We often assume that holding people accountable for their problematic behaviors involves shaming them. However, people are more likely to take responsibility for such behaviors if they feel emotionally safe enough to openly reflect on them. And people who feel even the threat of being shamed don’t feel safe.
Holding people accountable isn’t forcing them to accept blame for wrongdoing. It’s not possible to force people to change in such a way. Holding someone accountable is explaining the consequences of their behavior in a way that helps them recognize their responsibility and feel motivated to act on it. It’s honoring their dignity in the process of explaining their accountability.
Dignity is our sense of inherent worth. When we honor someone’s dignity, we perceive and treat them as no less worthy of being treated with respect than anyone else. Honoring dignity is central to healthy relating, relating to others in a way that creates a sense of connection and security and, therefore, openness.
Infighting and harms to dignity
A lot of infighting is caused by advocates holding other advocates accountable for a problematic behavior by shaming them. How often have you witnessed, in your own group or more broadly on social media, someone who used language that’s now inappropriate (like referring to someone in a wheelchair as an “invalid” or calling an undocumented worker an “illegal alien”) being verbally assaulted for doing so? Such shaming often leads the person on the receiving end to feel humiliated and to become more defensive, rather than more open.
Much infighting (and in-bullying) also happens because some advocates see other advocates’ refusal to shame those who don’t support their cause as a failure to hold those people accountable. For example, some vegan advocates argue that the only way to hold nonvegans accountable for their consumption of animals is to shame them into accepting responsibility for this behavior. These advocates sometimes attack vegans who disagree with such an approach, claiming that the latter are simply trying to avoid the discomfort of having caused conflict.
Be extremely skeptical of anyone who suggests that communicating with respect stems from a fear of causing discomfort and that practicing compassion is a form of weakness. Although change often emerges from discomfort, the discomfort that motivates someone to change typically results from healthy challenges to their attitudes and behaviors, not from harmful attacks on them.
Communicating with respect for those whose behaviors we oppose reflects strength and is a sign of relational maturity. It takes courage and wisdom to be able to stay connected to our compassion in such circumstances.
Communicating with respect for those whose behaviors we oppose reflects strength and is a sign of relational maturity. It takes courage and wisdom to be able to stay connected to our compassion in such circumstances.

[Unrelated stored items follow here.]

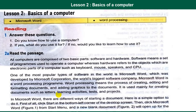In Microsoft Word, there are different ways of starting a document. Here is a summary of steps to do it. First of all, click the Start button in the bottom left corner of the desktop. Then click Microsoft Word from the Start menu. A new blank document will open up for the user to start typing.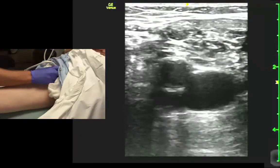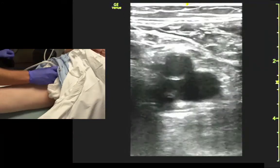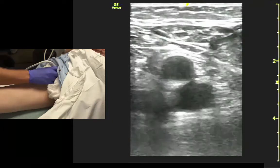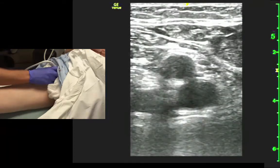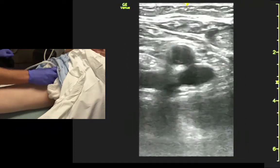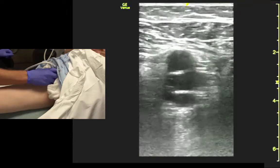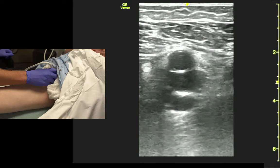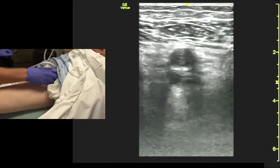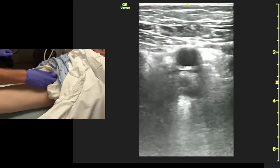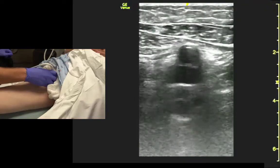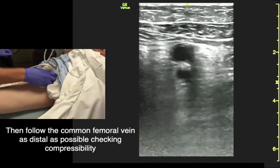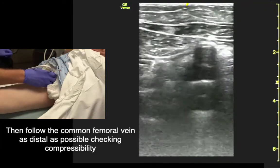We track the vein a little bit more distally. You can see they align themselves vertically. And if we're careful, we can see the vertical split of the deep femoral vein. That's an important landmark when we're looking to rule out DVT — to make sure we see the deep femoral vein as well as the common, and that they both collapse.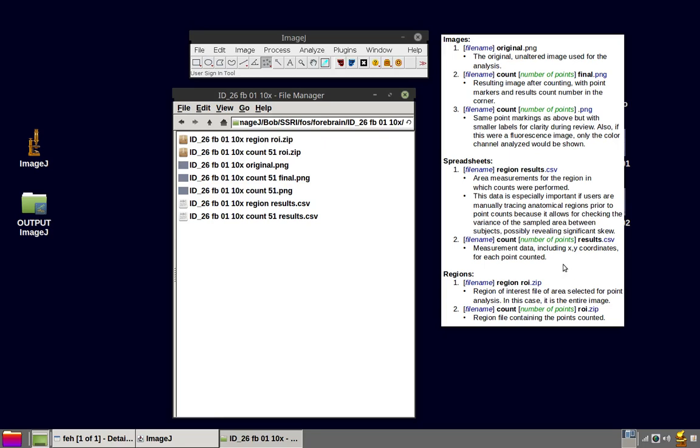Two spreadsheets are generated. One called region results. In this case, it would be the filename with the suffix region results. And this spreadsheet has the area measurements for the region in which the counts were performed. Now, you may recall, we didn't actually select the region. We just used the entirety of the image. But this data is especially important if users are manually tracing anatomical regions prior to point counts, because it allows for checking the variance of the sampled area between subjects and that's possibly revealing significant skew.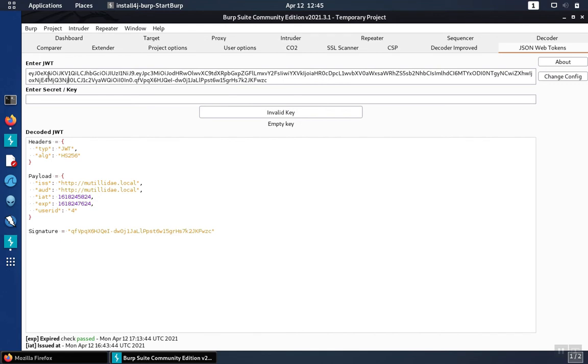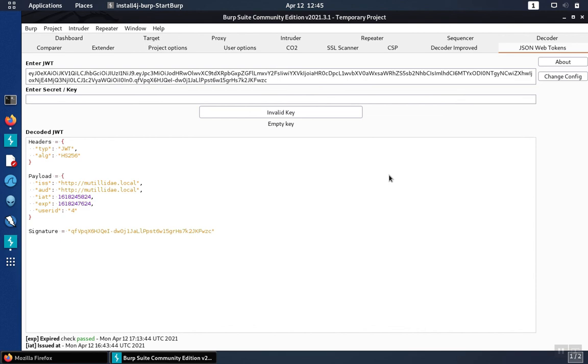This add-on will decode the JWT and break it apart into its three different sections so you can see the headers, the payload, and the signature. This extension is an easy way to bring native JWT viewing support into Burp.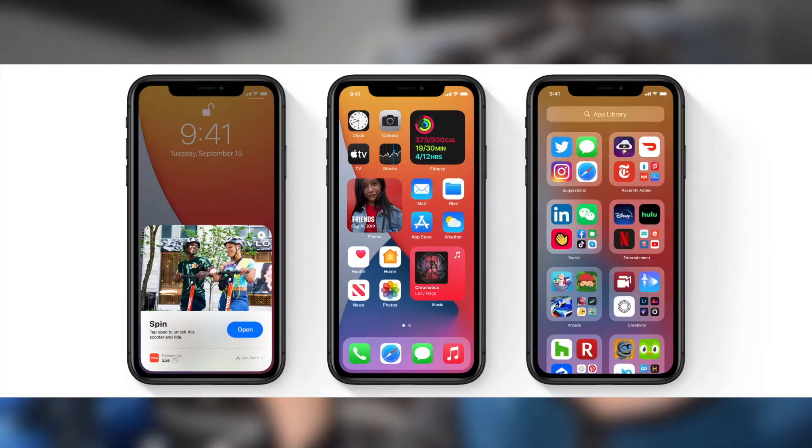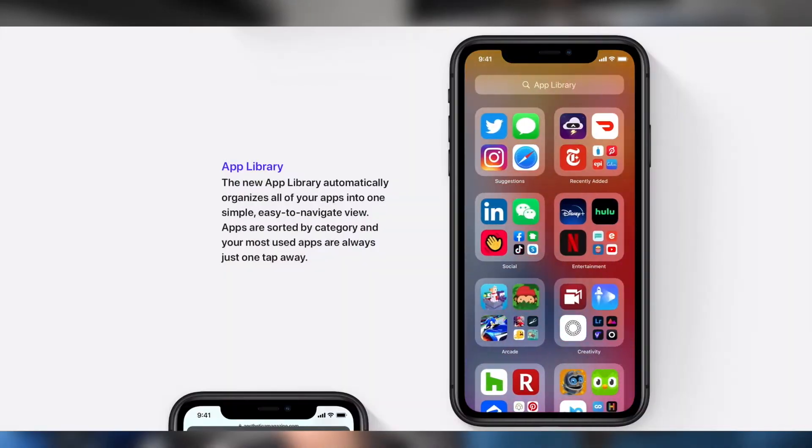Apple recently released iOS 14 to the public and it comes with lots of new features that are pretty cool. You now have widgets on your home screen, you can put your apps in an app library and hide them from your home screen, and you can even customize your entire home screen by swapping out app icons for custom ones you created yourself.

Consider it a red flag when someone argues against honoring dignity and makes a case for carrying out any form of emotional violence, not the least of which is shaming. As Brené Brown explains, “Humiliation and [demonizing] are not accountability or social justice tools; they’re emotional off-loading at best, emotional self-indulgence at worst.”*
*Brown, B. (2017) Braving the Wilderness: The Quest for True Belonging and the Courage to Stand Alone. London: Vermilion.